> _What you have to do_
Which lines of the data below include the string "Fashion"? Return each of them.

#### Available data

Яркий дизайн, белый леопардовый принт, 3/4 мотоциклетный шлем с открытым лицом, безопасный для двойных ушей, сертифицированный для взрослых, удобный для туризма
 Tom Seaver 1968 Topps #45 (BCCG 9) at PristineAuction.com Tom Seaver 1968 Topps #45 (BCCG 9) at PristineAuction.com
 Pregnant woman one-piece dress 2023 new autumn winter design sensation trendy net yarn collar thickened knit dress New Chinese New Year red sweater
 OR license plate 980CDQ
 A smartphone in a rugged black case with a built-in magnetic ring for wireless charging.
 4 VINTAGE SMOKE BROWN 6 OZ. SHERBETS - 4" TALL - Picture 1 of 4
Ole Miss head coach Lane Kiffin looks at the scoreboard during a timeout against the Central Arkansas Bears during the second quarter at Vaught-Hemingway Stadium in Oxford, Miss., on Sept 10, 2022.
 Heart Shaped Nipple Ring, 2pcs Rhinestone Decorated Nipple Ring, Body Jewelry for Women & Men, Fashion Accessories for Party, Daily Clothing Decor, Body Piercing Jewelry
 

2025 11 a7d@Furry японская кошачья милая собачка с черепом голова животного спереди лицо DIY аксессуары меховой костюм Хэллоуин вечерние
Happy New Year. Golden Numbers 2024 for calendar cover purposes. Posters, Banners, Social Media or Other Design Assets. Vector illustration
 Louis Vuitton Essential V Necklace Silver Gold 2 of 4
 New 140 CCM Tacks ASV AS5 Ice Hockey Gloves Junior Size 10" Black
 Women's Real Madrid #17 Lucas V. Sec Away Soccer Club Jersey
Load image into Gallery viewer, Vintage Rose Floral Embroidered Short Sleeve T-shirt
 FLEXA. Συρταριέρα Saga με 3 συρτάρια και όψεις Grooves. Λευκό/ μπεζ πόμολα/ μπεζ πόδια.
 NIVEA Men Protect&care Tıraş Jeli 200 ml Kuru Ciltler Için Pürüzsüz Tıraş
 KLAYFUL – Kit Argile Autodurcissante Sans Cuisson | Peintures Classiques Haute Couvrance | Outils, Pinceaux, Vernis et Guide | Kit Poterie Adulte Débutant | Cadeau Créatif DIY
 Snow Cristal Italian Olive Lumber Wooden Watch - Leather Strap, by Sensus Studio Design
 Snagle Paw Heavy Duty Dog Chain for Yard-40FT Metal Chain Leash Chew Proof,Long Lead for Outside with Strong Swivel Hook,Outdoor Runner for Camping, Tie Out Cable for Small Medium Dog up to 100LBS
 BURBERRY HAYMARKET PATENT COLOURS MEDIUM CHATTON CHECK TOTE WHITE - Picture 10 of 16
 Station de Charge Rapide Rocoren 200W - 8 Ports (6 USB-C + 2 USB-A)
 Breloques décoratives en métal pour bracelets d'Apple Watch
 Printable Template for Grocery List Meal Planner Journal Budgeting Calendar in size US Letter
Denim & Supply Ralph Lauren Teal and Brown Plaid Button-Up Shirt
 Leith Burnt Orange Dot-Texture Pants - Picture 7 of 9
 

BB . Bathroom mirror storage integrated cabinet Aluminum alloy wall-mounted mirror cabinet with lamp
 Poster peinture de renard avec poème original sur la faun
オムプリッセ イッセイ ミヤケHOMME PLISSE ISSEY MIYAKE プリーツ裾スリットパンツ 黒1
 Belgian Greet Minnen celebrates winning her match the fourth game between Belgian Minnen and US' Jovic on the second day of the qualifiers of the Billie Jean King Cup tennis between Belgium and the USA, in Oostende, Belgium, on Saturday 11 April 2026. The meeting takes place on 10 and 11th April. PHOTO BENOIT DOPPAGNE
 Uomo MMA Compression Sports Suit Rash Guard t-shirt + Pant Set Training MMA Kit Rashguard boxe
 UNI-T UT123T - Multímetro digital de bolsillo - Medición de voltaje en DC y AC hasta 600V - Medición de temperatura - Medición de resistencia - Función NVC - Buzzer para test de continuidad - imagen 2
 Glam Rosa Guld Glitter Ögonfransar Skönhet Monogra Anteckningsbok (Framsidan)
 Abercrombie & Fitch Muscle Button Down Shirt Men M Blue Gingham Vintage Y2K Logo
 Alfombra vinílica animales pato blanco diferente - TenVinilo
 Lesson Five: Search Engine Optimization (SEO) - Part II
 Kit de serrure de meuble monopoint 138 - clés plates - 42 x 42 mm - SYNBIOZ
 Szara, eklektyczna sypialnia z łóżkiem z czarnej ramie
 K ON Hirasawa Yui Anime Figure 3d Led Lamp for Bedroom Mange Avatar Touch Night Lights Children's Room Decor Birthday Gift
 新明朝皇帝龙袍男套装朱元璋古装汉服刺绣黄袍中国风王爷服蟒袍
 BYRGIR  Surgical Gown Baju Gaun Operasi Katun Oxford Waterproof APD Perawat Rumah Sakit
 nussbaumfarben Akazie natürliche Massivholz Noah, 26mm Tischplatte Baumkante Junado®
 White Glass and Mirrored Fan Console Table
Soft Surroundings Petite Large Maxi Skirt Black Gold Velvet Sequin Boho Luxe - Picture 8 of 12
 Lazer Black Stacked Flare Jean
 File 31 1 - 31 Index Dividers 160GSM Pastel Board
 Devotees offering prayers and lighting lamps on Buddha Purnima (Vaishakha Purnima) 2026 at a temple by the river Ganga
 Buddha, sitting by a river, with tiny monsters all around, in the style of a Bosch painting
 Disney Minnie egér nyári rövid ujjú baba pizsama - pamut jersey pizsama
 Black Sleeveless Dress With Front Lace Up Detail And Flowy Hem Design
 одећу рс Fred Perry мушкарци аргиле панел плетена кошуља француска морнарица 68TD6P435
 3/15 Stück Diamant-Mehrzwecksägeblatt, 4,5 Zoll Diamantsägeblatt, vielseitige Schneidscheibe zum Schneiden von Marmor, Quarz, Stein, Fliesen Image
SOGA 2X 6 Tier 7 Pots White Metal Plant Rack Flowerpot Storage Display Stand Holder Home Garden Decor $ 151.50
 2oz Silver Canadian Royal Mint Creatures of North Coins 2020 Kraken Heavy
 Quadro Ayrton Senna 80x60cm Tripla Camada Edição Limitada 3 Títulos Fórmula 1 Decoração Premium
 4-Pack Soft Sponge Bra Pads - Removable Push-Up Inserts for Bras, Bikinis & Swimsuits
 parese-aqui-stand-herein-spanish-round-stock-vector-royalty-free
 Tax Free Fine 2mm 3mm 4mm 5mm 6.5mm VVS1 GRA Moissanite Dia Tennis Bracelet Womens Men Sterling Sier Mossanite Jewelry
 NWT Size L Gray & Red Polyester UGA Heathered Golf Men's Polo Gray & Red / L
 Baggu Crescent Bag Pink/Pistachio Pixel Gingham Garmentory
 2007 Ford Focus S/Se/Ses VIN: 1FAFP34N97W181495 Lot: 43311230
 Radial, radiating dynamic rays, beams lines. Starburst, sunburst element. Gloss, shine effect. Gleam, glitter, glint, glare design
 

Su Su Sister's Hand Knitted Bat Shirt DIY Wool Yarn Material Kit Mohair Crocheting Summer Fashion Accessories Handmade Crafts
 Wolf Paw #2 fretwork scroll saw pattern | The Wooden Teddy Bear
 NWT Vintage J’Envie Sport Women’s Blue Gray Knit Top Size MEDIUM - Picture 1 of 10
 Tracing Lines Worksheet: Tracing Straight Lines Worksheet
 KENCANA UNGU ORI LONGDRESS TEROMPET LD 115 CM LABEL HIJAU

########

> _Answer to this exercise_
 Heart Shaped Nipple Ring, 2pcs Rhinestone Decorated Nipple Ring, Body Jewelry for Women & Men, Fashion Accessories for Party, Daily Clothing Decor, Body Piercing Jewelry
Su Su Sister's Hand Knitted Bat Shirt DIY Wool Yarn Material Kit Mohair Crocheting Summer Fashion Accessories Handmade Crafts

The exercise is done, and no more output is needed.